At 6% interest, you have five firms that are doing well (A-E)—growing, hiring more people, expanding, etc.—and five that aren’t (F-J).  And at 6% the economy is performing at a certain level.  But what would happen if the Fed lowered the interest rate from 6% down to 5%?  One more firm (F) would be profitable, and in general it would benefit all the firms.  The profitable ones would be doing even better, and the unprofitable ones wouldn’t be quite so bad off.  And that would lead to a strong economy: more “stuff” would be produced and more people would be employed.

So there is very clear relationship that lower interest rates led to a stronger economy.  Having a strong economy is one of the Fed’s goals, so that begs the question, “Why doesn’t the Fed push rates all the way down to 0%?”

This is where it starts to get interesting.  It’s my favorite topic: Inflation.  Remember that the Fed’s first job is to control inflation.  Let’s look at the Fed’s decision to move interest rates from 6% to 5%, but now look at it with an eye towards inflation.
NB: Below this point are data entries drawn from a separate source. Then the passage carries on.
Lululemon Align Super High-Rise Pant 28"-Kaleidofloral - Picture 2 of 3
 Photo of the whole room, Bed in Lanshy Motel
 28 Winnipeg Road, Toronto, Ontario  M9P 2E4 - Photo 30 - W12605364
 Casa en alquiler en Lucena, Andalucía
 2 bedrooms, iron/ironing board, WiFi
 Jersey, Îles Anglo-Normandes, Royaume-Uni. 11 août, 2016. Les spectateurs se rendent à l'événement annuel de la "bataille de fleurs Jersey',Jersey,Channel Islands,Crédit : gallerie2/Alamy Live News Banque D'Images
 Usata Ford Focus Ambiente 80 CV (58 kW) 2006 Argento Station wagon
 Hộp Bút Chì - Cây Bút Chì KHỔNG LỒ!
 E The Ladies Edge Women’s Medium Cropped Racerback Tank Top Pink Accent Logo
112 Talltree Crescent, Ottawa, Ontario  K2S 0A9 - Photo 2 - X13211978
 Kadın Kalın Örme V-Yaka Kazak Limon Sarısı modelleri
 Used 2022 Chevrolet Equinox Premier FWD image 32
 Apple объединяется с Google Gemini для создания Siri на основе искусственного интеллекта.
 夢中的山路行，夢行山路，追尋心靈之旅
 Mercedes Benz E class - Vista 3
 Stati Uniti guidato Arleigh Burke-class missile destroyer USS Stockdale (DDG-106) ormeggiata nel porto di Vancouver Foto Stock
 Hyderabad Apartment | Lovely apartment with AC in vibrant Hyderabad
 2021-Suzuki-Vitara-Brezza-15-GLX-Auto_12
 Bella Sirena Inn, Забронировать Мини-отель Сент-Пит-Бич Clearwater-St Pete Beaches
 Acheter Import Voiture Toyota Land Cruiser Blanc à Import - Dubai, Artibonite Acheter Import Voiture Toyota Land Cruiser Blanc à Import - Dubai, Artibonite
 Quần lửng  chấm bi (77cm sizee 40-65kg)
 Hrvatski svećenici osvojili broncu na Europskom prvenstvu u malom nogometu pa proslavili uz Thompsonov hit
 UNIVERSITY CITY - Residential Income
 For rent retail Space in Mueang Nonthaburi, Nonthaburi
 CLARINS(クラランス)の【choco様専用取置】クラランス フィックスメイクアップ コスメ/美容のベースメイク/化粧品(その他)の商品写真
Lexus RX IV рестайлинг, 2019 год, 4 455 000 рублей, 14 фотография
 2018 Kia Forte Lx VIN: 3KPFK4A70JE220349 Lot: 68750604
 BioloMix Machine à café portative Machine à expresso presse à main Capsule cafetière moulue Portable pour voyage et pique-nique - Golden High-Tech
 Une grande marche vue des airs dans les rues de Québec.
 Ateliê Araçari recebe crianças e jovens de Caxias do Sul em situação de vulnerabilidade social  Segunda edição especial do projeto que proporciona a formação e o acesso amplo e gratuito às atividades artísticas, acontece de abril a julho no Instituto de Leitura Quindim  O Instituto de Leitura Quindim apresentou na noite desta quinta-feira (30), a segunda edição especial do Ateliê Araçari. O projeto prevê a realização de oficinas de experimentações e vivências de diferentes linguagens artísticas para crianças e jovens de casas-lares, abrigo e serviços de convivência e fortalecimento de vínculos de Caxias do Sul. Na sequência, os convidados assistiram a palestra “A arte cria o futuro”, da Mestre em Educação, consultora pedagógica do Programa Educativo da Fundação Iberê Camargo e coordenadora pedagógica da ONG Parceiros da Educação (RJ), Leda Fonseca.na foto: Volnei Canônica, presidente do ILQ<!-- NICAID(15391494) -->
In our pretend world, let’s assume at 6% interest rates the economy is doing well.  Things are growing and unemployment is fairly low.  When interest rates go to 5%, firm F will become profitable so they’ll want to hire some people—makes sense.  But remember that unemployment is low, so F is going to need to tempt people who are already working for A or B or C or who ever to come work at F.  How does F do that?  They pay them more.

F starts to pay people more, but A doesn’t take this lying down, so A starts paying more.  This wage increase trickles through the economy.  But A and B and even F need to make money, so the increase in compensation they’re paying to their employees gets passed along to consumers in the form of higher prices.  When prices start rising, that’s INFLATION.  And controlling inflation is the Fed’s #1 goal.  So that creates the difficult balance for the Fed—they want the economy to do well but not so well that it triggers inflation.

So there you go.  You just completed a course in “Introductory Macroeconomics”.

 

What’s going on today?

Now that you have that little lesson under your belt, how does that relate to what’s going on with the Fed right now?  Currently, the Fed has interest rates at historic lows, at about 0%.  Obviously that’s super low, so shouldn’t the Fed be worried about inflation?

Remember the circumstances of how interest rates got that low.  At the beginning of 2008 the economy was going strong and the interest rate was at over 5%.  But then the financial crisis hit, blowing up the banking industry, and sending the world economy into a very sharp recession.  A ton of people lost their jobs (unemployment went up) so prices stayed flat or even started to fall a little bit.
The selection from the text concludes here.